Vehicle-to-Grid Revenue helps EV owners earn income via V2G, demand response, and ancillary services by exporting stored energy, supporting grid balancing, smart charging, and renewable integration with two-way charging infrastructure.

 

Key Points

Income EV owners earn by selling battery power to the grid for balancing, response, and flexibility services.

✅ Earn up to about $1,530 annually in Denmark trials

✅ Requires V2G-compatible EVs and two-way smart chargers

✅ Provides ancillary services and supports renewable integration

 

Electric car owners are earning as much as $1,530 a year just by parking their vehicle and feeding excess power back into the grid, effectively selling electricity back to the grid under V2G schemes.

Trials in Denmark carried out by Nissan and Italy’s biggest utility Enel Spa showed how batteries inside electric cars could, using vehicle-to-grid technology, help balance supply and demand at times and provide a new revenue stream for those who own the vehicles.

Technology linking vehicles to the grid marks another challenge for utilities already struggling to integrate wind and solar power into their distribution system.
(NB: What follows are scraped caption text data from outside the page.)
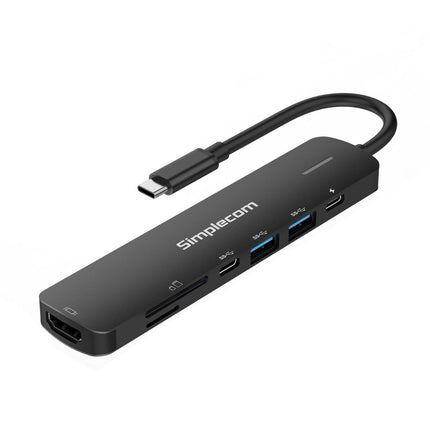 Simplecom CHT570 USB-C SuperSpeed 7-in-1 Multiport Hub Adapter HDMI 2.0 Docking Station.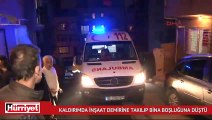 Kaldırımda inşaat demirine takılıp bina boşluğuna düştü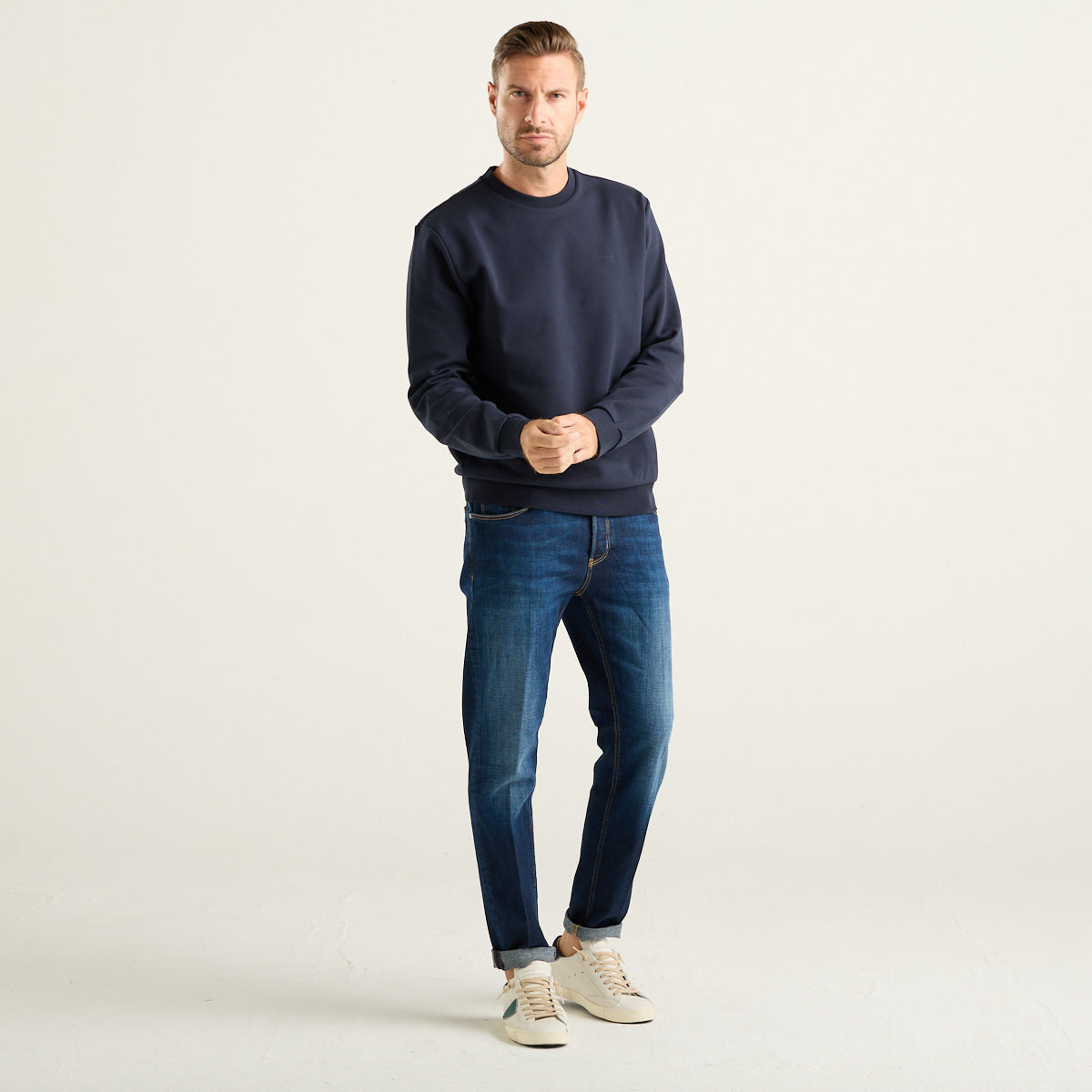 Woolrich felpa girocollo in misto cotone interlock con logo blu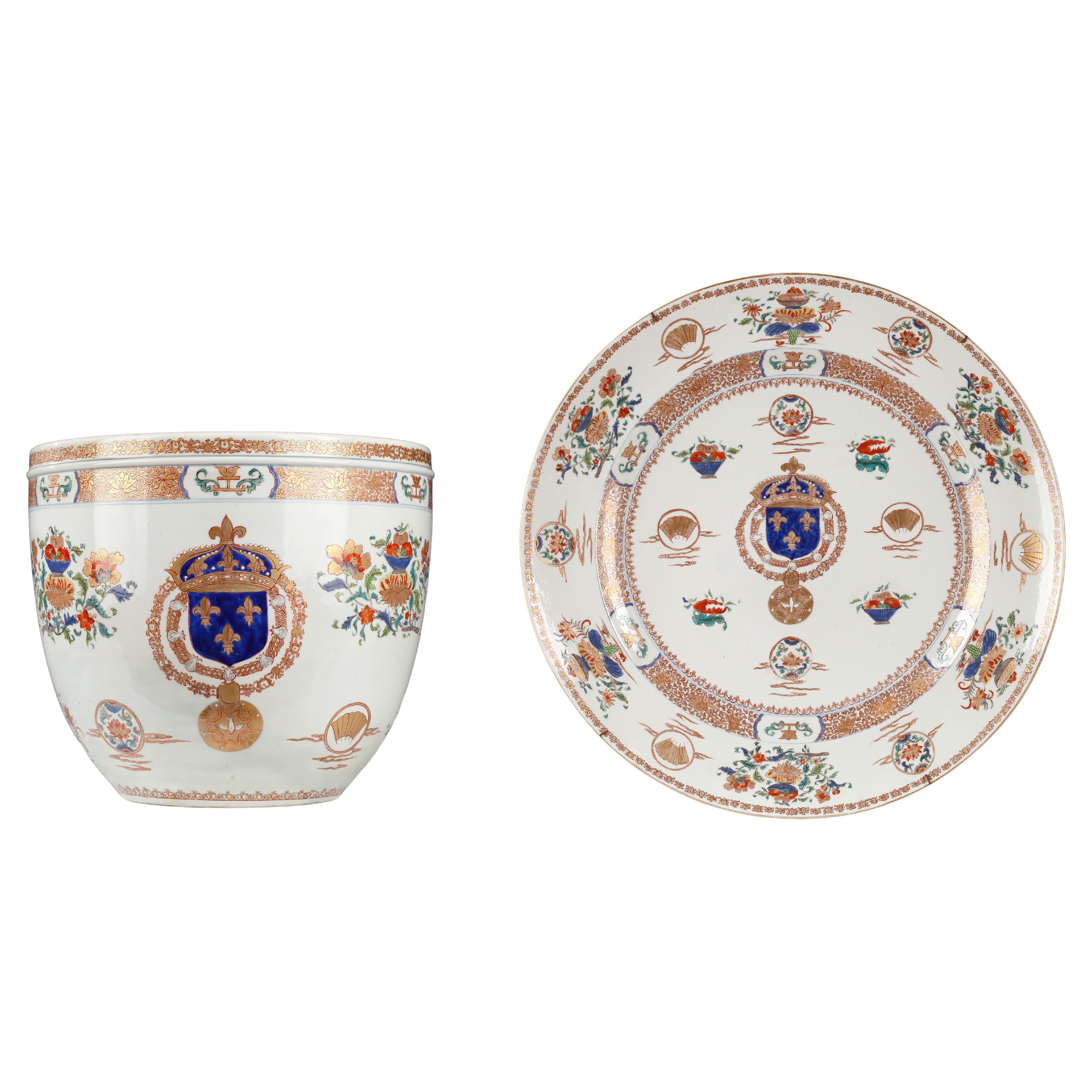 Jardinière et plat décoratif attribués à Samson & Cie, France, vers 1880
As the use of plug-in cars spreads, grid managers will have to pay closer attention and, with proper management, to when motorists draw from the system and when they can smooth variable flows.

For example, California's grid stability efforts include leveraging EVs as programs expand.

“If you blindingly deploy in the market a massive number of electric cars without any visibility or control over the way they impact the electricity grid, you might create new problems,” said Francisco Carranza, director of energy services at Nissan Europe in an interview with Bloomberg New Energy Finance.


 

While the Tokyo-based automaker has trials with more than 100 cars across Europe, only those in Denmark are able to earn money by feeding power back into the grid. There, fleet operators collected about 1,300 euros ($1,530) a year using the two-way charge points, said Carranza.

Restrictions on accessing the market in the U.K. means the company needs to reach about 150 cars before they can get paid for power sent back to the grid. That could be achieved by the end of this year, he said.

“It’s feasible,” he said. “It’s just a matter of finding the appropriate business model to deploy the business wide-scale.’’

Electric car demand globally is expected to soar, challenging state power grids and putting further pressure on grid operators to find new ways of balancing demand. Power consumption from vehicles will grow to 1,800 terawatt-hours in 2040 from just 6 terawatt-hours now, according to Bloomberg New Energy Finance.